If $ f $ is separable, then $ L/\mathbb{Q} $ is Galois which, given the hypothesis, implies that $ Gal(L/\mathbb{Q}) \simeq S_{n} $. But how can I deduce from this whether or not $ f $ is irreducible?
Also, what about the case when $ f $ is not separable?
I would appreciate any hints. Thank you!
First: the splitting field of a polynomial over $\mathbb{Q}$ (or any perfect field) is always Galois, because if the polynomial has repeated roots, it must be divisible by powers of the corresponding minimal polynomial.
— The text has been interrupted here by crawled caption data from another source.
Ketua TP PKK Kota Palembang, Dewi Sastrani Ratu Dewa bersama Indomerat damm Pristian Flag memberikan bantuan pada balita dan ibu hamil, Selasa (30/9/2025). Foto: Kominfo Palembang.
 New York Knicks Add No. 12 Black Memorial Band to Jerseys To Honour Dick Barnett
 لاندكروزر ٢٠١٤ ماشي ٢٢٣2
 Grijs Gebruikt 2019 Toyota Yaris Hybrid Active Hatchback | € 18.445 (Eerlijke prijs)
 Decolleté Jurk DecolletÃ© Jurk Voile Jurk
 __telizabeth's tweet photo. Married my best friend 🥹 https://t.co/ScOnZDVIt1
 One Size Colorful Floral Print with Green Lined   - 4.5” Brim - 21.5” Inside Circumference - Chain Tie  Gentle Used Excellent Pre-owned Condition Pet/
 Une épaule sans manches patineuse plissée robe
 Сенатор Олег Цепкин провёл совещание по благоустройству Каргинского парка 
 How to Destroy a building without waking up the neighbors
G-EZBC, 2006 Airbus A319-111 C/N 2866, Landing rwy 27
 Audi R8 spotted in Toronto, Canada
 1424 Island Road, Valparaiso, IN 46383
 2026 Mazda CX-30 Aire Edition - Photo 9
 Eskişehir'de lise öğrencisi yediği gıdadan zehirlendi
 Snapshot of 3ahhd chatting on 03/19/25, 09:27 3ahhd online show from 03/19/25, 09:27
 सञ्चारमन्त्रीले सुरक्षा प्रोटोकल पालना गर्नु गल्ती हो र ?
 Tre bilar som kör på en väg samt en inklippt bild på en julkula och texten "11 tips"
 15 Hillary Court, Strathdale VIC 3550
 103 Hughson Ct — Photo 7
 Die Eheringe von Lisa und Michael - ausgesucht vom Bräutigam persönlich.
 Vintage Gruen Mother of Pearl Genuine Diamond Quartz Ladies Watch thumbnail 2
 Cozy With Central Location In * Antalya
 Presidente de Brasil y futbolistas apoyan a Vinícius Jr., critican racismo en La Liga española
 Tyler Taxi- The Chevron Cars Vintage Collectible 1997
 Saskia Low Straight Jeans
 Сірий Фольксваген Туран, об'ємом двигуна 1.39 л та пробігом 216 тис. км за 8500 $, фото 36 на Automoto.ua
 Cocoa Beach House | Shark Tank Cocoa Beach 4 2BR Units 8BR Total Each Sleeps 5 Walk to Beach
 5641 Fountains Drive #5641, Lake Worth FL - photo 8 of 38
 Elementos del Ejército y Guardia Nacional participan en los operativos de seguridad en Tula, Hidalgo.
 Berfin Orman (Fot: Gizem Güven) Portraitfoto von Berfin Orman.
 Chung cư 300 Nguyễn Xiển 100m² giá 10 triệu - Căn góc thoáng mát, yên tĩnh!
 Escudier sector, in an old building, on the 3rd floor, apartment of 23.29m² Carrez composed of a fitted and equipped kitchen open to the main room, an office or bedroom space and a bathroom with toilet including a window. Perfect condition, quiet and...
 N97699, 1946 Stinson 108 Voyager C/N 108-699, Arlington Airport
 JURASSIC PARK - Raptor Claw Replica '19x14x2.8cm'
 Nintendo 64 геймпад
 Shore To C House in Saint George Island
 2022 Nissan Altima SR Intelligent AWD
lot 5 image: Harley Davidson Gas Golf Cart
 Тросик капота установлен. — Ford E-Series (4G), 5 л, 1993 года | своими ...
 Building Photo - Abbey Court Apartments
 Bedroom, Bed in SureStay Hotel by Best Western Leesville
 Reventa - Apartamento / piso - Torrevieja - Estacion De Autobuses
If $f$ is not irreducible, it can be written as a product $f=f_1f_2$. Then any automorphism of $L$ must induce a permutation of the roots of $f_1$ and of those of $f_2$, but it can never send a root of $f_1$ to a root of $f_2$. Thus the group of permutations of the roots of $f$ induced by automorphism of $L$ must be a proper subgroup of $S_n$, which contradicts the fact that it has order $[L:\mathbb{Q}]=n!$. Incidentally, the same argument shows that $f$ must in fact be separable : if it has repeated roots, then it has less than $n$ roots and the group of permutations must be a subgroup of $S_{n-1}$.